I really like method chaining in Pandas. It reduces the risk of typos or errors from running assignment out of order. However some things are really difficult to do with method chaining in Pandas; in particular getting the second most common value of each group.

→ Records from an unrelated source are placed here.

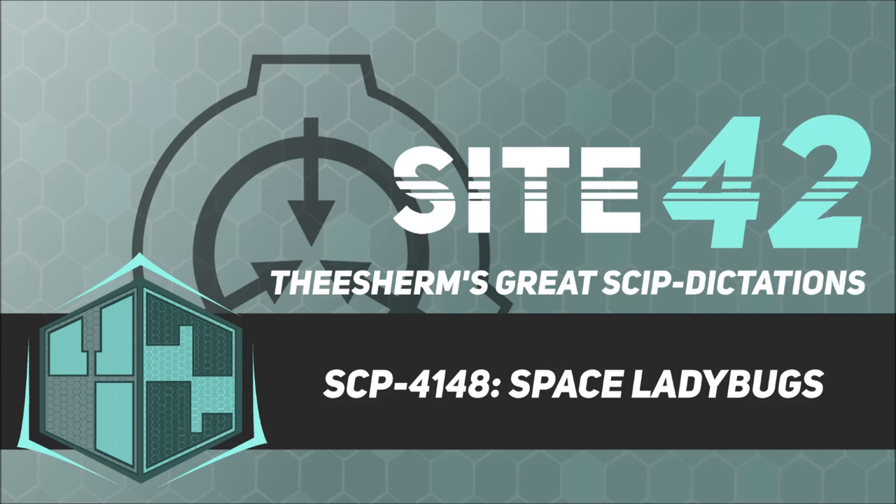The rocket, now designated SCP-4148-2, has escaped Earth's atmosphere as of November 23, 2018. It is estimated that SCP-4148-2 will reach the moon on December 4, 2018. A clear plexiglass dome is being constructed around SCP-4148 to prevent further launches of dangerous projectiles from SCP-4148 from causing damage or arousing suspicion.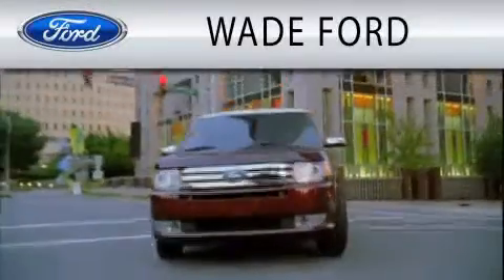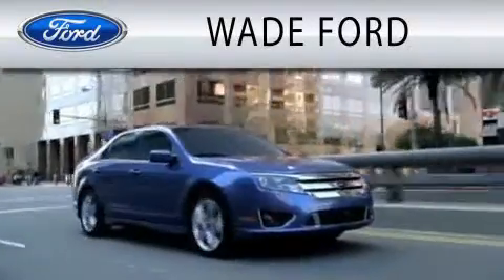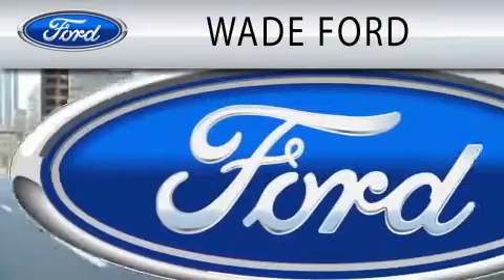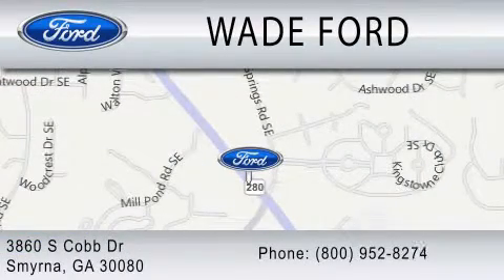Wade Ford is dedicated to doing everything possible to ensure that the experience you have selecting your next vehicle is as pleasant as possible. We are located at 3860 South Cobb Drive in Smyrna.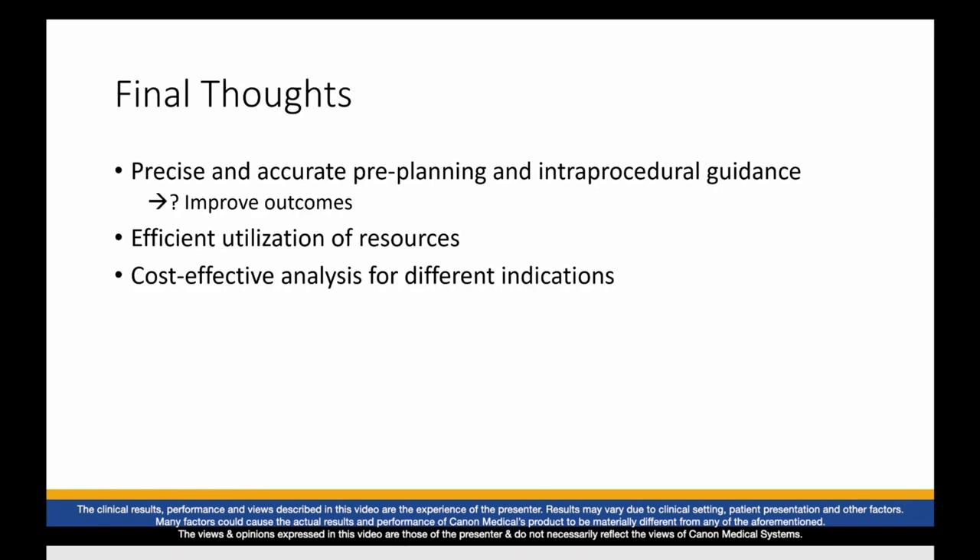My colleagues in the upcoming talks will give more details on their specific disciplines. This hybrid 4D CT cath lab can really allow us to have precise and accurate pre-planning and intra-procedural guidance. The question is, does this improve outcomes? And that's something we're going to answer over the next few years. This also has a really good opportunity for efficient utilization of resources — it's changed our workflow for cardioversions, same-setting heart catheterizations, and CT pre-planning for TAVRs. This has increased patient throughput and satisfaction, and allows us to potentially use lower contrast. Another question moving forward is whether this hybrid lab has a niche for cost-effective analysis across these different indications, reducing costs by combining CT and fluoro in the same setting. Thank you for your time.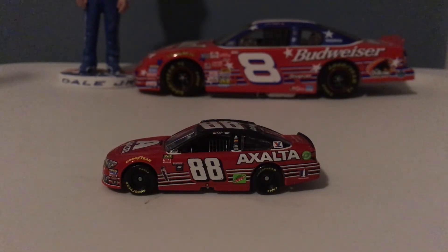Without further ado, that'll do it for this diecast review. Thank you for watching — please like and subscribe for even more. Have a nice day; I'll see you next time.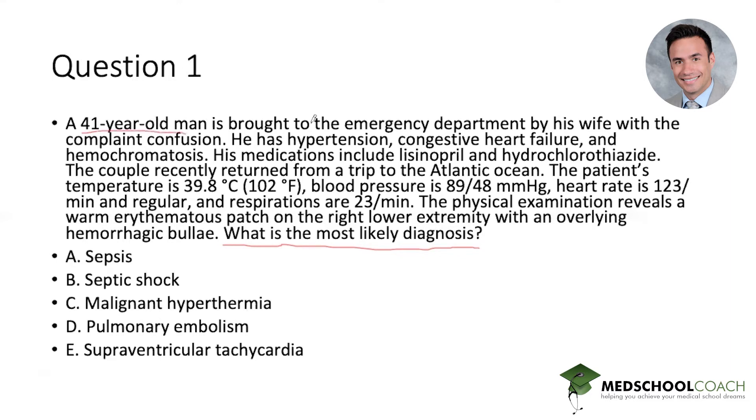We have a 41-year-old man in the emergency department with confusion and some comorbidities, and the one that stands out is hemochromatosis. If there's an unusual or uncommon part to the past medical history, it's probably going to be relevant in some way. He's on lisinopril and hydrochlorothiazide. They recently had a trip to the Atlantic Ocean — travel exposure often plays into the answer choices. The temperature is 102, so this patient is febrile, he's hypotensive, tachycardic, tachypneic, and we have a unique physical exam finding: an erythematous patch on the lower extremity and hemorrhagic bullae.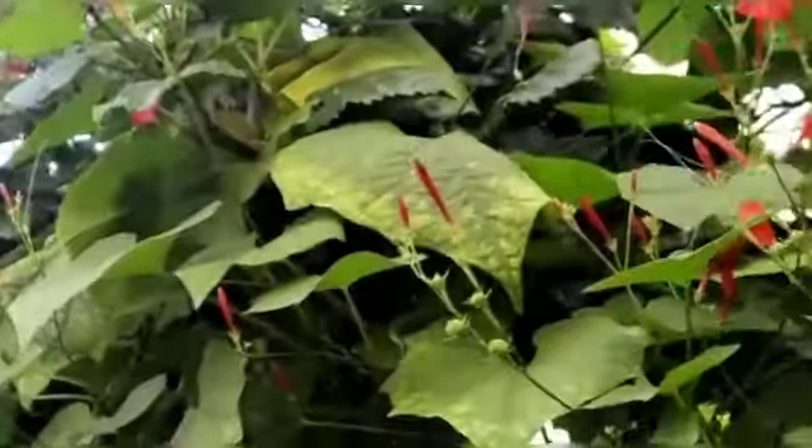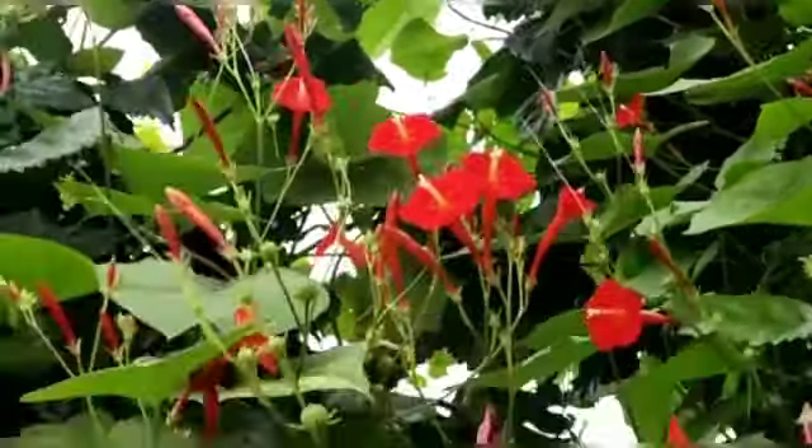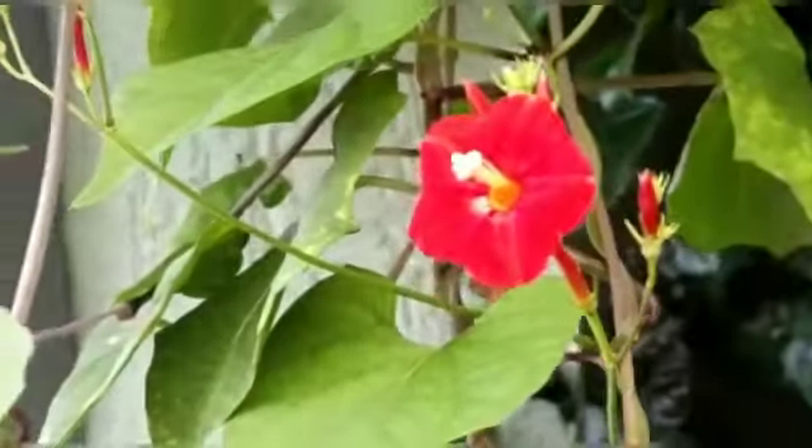This is a mini morning glory — a small morning glory. But it is very beautiful. It is an original red color. This is a very cool creeper and the flowers are very beautiful.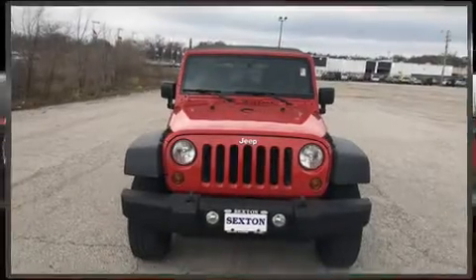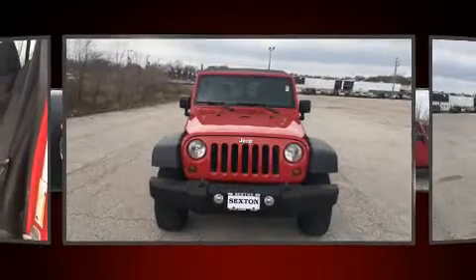The 2011 Jeep Wrangler Unlimited. Under the hood, you'll find a six-cylinder engine with more than 200 horsepower.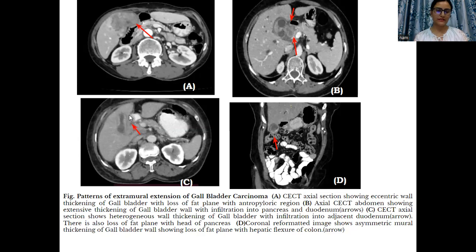In the third case, similarly, there is infiltration of the gallbladder mass into the duodenum. And this is another case — a coronal reformatted image — showing asymmetric mural thickening of the gallbladder with loss of fat planes with the adjacent hepatic flexure.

This is much easier to do in R's dplyr with its consistent and flexible syntax than it is with Pandas.

# Problem

For the table below find the total frequency and the second most common value of y by frequency for each x (in the case of ties any second most common value will suffice).

x | y | frequency |
---|---|---|

1 | 1 | 3 |

1 | 2 | 2 |

1 | 3 | 2 |

2 | 2 | 2 |

2 | 1 | 1 |

3 | 1 | 1 |

Answer:

x | frequency | second |
---|---|---|

1 | 6 | 2 |

2 | 3 | 1 |

3 | 1 | NA |

## Solution with dplyr

This is pretty straightforward to solve in R with dplyr; we can first sort the columns by frequency and pick the second element:

```
d <- data.frame(x=c(1,1,1,2,2,3),
y=c(1,2,3,1,2,1),
n=c(3,2,1,1,2,1))
d %>%
group_by(x) %>%
arrange(desc(n)) %>%
summarise(n = sum(n), second = nth(y, 2))
```

This gives exactly the result above.

## Solving with Pandas

Starting with the same dataframe

```
df = pd.DataFrame({'x': [1, 1, 1, 2, 2, 3],
'y': [1, 2, 3, 1, 2, 1],
'n': [3, 2, 1, 1, 2, 1]})
```

To get the results over multiple lines is straightforward:

```
totals = df.groupby('y').n.sum()
# Note nth is 0 indexed
second = df.sort_values('n', ascending=False).groupby('x').y.nth(1)
ans = pd.DataFrame({'n': totals, 'second': second})
```

This is fine, but it means you have to break a chain.
You can chain directly with agg if we want to find the *top* value:

```
(df
.sort_values('n', ascending=False)
.groupby('x')
.agg(n=('n', 'sum'), first=('y', 'first'))
)
```

Unfortunately there's no built in `second`

function.
There is an nth function, but there's no way to pass the argument n in the `agg`

call.

We could try to wrap nth in a partial, but I can't work out *where* in pandas nth is defined.
Passing `pandas.core.groupby.generic.DataFrameGroupBy.nth`

to agg gives an error.

```
> df.groupby('y').agg(a=('x', lambda x: nth(x,1)))
TypeError: n needs to be an int or a list/set/tuple of ints
```

We could try to define our own function to find the nth item, `iloc`

*almost* works, but if there's an item that doesn't have an nth item it raises an IndexError.

```
> (df
.sort_values('n', ascending=False)
.groupby('x')
.agg(n=('n', 'sum'), second=('y', lambda y: y.iloc[1]))
)
IndexError: single positional indexer is out-of-bounds
```

Another strategy would be to slice into a running count; in dplyr:

```
d %>%
group_by(x) %>%
arrange(desc(n)) %>%
mutate(rn = row_number(),
second = ifelse(rn == 2, y, NA)) %>%
summarise(n=sum(n), second=first(na.omit(second)))
```

We can do this in Pandas because the `first`

function ignores NaN values where it can.
Without chaining in Pandas this looks like:

```
df['rn'] = df.sort_values('n', ascending=False).groupby('x').cumcount()
df['second'] = df.y[df.rn == 1]
df.groupby('x').agg(n=('n', 'sum'), second=('second', 'first'))
```

I'm still not sure how to chain either of the two ways! One way I can get it to chain is by setting the index and assigning:

```
(df
.sort_values('n', ascending=False)
.set_index('x')
.assign(second=lambda df: df.groupby('x').y.nth(1))
.groupby('x')
.agg(n=('n', 'sum'), second=('second', 'first'))
)
```

Unfortunately here the cure is worse than the disease and the chain is hard to manage and unreadable.

The cleanest way is to define an `nth`

function that does what we need:

```
import numpy as np
def get_nth(n):
def nth(x):
return x[n] if len(x) > n else np.nan
return nth
(df
.sort_values('n', ascending=False)
.groupby('x')
.agg(n=('n', 'sum'), second=('y', get_nth(1)))
)
```

Finally we have a nice way that works but it requires defining a new function, because I can't work out how to use Pandas inbuilt nth functionality.
While method chaining can make things easier it can be frustrating trying to work with `agg`

in Pandas because you can't generally pass an argument to string functions.